The communication signal transmitted from the pen 1910 may be beamformed, attenuated, shielded, and/or otherwise shaped and/or constrained such that at least 50%, at least 60%, at least 70%, or at least 80% of the radiated energy of the communication signal is in a volume within about 0.3 meters from the pen body 191 1. For example, in capacitive touch systems, the pen may be configured to transmit and receive communication signals at a range comparable to the range of capacitively coupled signals carried on drive electrodes of the touch sensor. In some implementations the communication connection may be disabled until the capacitively coupled signal is detected. Detection of communication signals from the sensor by the pen or communication signals from the pen to the sensor indicates the proximity of the pen to the sensor. In some implementations, the sensor communication circuitry 1980 may be configured to detect the pen 1910 when the pen is in proximity to the panel 1960 and to convey pen proximity information to the sensor controller 1970 before the pen drive signal 1921 is detected by the controller 1970. To conserve power, transmissions from the sensor and/or the pen may be disabled when the pen and sensor are outside the working range of the communication connection. In embodiments using capacitive pen and touch detection, the communication signal transmitted by the pen may be used by the touch sensor controller to confirm that a touch signal detected by the controller is produced by the pen drive signal.

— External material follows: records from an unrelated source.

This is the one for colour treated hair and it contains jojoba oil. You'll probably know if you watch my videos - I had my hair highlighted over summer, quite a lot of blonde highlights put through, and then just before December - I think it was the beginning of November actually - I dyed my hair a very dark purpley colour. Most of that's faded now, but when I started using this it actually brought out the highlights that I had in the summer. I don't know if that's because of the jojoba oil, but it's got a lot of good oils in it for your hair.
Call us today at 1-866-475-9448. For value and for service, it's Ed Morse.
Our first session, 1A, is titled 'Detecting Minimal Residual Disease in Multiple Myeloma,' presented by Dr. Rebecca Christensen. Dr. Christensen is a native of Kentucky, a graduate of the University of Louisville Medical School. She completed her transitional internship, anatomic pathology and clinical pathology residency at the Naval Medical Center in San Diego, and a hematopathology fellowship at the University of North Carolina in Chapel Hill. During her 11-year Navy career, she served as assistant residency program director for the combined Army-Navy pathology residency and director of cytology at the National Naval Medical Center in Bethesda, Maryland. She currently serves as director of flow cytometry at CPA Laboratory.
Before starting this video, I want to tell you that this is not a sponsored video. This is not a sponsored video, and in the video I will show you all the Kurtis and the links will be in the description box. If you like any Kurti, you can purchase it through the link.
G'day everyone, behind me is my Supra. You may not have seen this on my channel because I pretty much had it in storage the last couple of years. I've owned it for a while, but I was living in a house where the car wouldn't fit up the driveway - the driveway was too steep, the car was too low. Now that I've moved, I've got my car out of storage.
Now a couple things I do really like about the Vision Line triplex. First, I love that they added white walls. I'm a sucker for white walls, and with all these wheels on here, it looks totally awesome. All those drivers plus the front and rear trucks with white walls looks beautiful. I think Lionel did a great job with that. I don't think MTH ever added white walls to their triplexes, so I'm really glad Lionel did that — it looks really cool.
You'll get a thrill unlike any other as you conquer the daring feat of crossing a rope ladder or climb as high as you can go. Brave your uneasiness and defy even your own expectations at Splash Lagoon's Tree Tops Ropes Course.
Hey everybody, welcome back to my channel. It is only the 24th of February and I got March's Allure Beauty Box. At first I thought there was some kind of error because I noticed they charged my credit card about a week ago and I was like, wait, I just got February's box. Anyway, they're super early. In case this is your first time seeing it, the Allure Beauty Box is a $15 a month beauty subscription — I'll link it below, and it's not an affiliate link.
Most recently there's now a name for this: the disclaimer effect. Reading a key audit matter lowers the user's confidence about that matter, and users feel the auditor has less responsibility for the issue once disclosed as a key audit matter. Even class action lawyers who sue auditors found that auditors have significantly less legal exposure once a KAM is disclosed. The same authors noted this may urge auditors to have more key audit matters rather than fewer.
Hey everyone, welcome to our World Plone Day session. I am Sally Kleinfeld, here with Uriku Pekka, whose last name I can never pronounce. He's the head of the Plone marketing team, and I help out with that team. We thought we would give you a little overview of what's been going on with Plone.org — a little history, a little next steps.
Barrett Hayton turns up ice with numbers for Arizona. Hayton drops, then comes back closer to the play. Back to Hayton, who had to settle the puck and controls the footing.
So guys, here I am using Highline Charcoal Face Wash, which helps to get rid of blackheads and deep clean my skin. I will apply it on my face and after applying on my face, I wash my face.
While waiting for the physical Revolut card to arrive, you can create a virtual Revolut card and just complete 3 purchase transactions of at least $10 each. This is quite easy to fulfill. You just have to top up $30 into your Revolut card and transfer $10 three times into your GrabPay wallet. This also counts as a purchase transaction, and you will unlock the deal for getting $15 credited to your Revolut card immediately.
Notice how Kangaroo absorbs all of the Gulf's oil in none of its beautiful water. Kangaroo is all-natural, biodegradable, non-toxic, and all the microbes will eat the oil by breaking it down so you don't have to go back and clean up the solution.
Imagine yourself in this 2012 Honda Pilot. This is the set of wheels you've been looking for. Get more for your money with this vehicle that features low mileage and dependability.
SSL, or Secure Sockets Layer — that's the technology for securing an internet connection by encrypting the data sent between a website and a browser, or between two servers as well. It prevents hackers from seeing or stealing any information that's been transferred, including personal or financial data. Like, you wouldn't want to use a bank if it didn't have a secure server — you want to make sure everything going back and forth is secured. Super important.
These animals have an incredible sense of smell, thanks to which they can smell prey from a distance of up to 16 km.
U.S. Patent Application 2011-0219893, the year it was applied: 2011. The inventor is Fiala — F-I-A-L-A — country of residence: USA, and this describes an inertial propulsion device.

As previously discussed herein, some active pens used with capacitive touch sensors receive a touch sensor drive signal and emit a pen drive signal in response. This type of pen is referred to herein as a "transponder pen."

Tilting a pen can have a significant effect on the measured position of this type of active pen, particularly if the pen has a transmit or receive portion located an appreciable distance back from the pen tip which makes contact with the touch panel at the touch location. It is preferable that location- determining signals are passed through the pen tip, which is less affected by tilting the pen. According to some embodiments disclosed herein, location of the pen relative to sensor receive electrodes may be calculated based on signals emitted from the pen tip. Location of the pen relative to sensor drive electrodes will be calculated based on signals received at the tip.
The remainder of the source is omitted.